Using these $x$ values, we can calculate our array $a$ along with the choice of $K = N + 1$ to produce a valid construction. Our algorithm simply consists of constructing the tree then performing a DFS to compute the $x$ values as well as the heights. This runs in $O (N)$ time.

The array values for all indexes in the sample are illustrated below.
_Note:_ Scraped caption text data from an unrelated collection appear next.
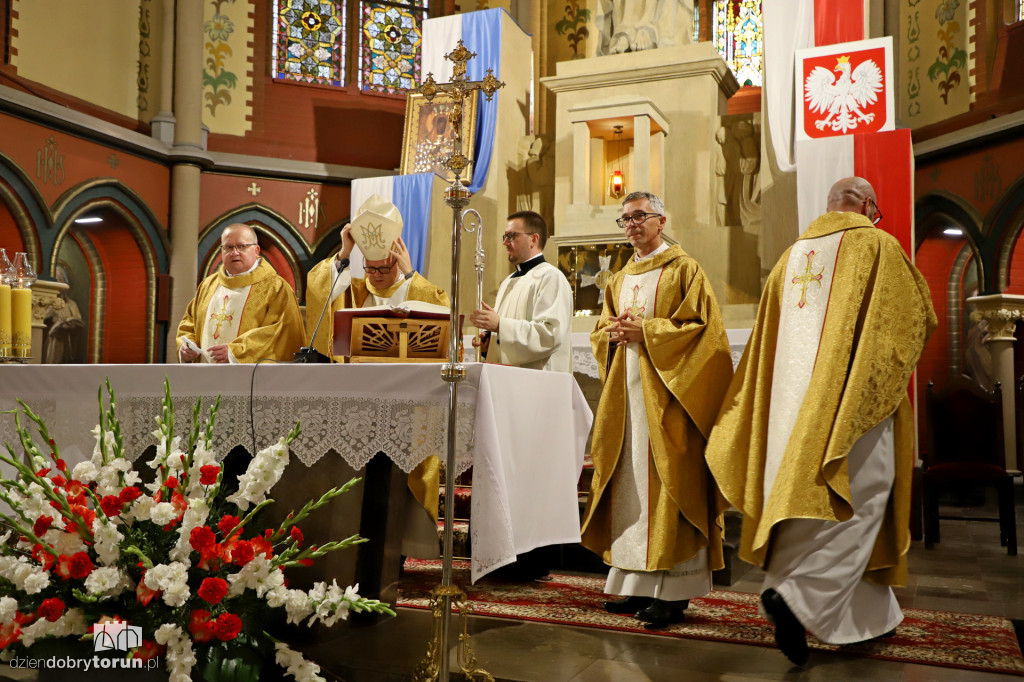 Msza święta w kościele garnizonowym w Toruniu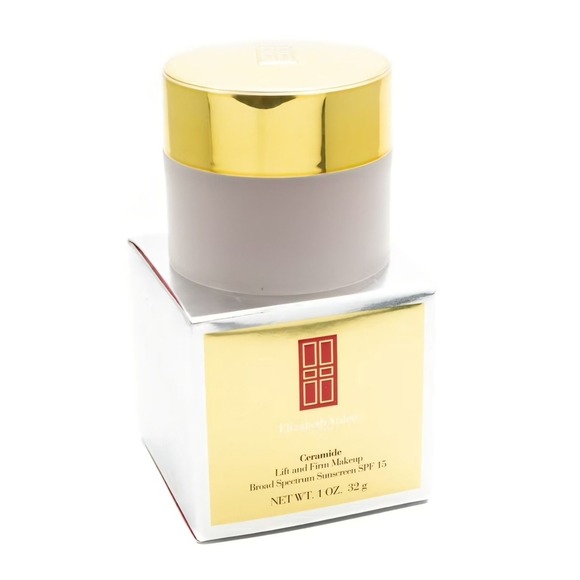 Elizabeth Arden Other - Elizabeth Arden Ceramide Lift and Firm Makeup Spice 16 SPF 15 Cream Foundation‎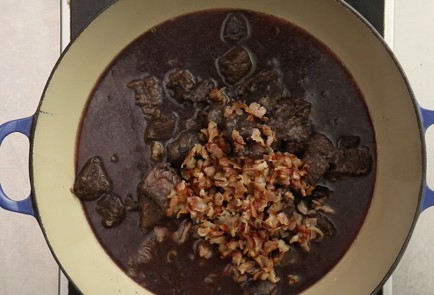 Фото шага рецепта Говядина побургундски 19282 шаг 3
                                                                     (3)(7) + 6
                                             /----------------------/
                                   (2)(7) + 3             (2)(7) + 5
                                  /                      /
                        (1)(7) + 2             (1)(7) + 4
          /------------/
(0)(7) + 0   (0)(7) + 1

Code:

import java.io.BufferedReader;
import java.io.IOException;
import java.io.InputStreamReader;
import java.util.*;

public class TestsForHaybales {
    static List<Integer>[] children;
    static long[] depths;
    static long[] xs;
    static long x;

    static void dfs(int a) {
        xs[a] = x;
        x--;
        Collections.reverse(children[a]);
        for (int b : children[a]) {
            depths[b] = depths[a] + 1L;
            dfs(b);
        }
    }

    public static void main(String[] args) throws IOException {
        BufferedReader in = new BufferedReader(new InputStreamReader(System.in));
        int n = Integer.parseInt(in.readLine());
        children = new List[n + 2];
        for (int a = 1; a <= n + 1; a++) {
            children[a] = new ArrayList<>();
        }
        StringTokenizer tokenizer = new StringTokenizer(in.readLine());
        for (int a = 1; a <= n; a++) {
            children[Integer.parseInt(tokenizer.nextToken()) + 1].add(a);
        }
        depths = new long[n + 2];
        xs = new long[n + 2];
        x = n;
        dfs(n + 1);
        long k = n + 1;
        StringJoiner joiner = new StringJoiner("\n");
        for (int a = 1; a <= n; a++) {
            long height = depths[1] - depths[a];
            long value = (height * k) + xs[a];
            joiner.add("" + value);
        }
        System.out.println(k);
        System.out.println(joiner);
    }
}

[/hide]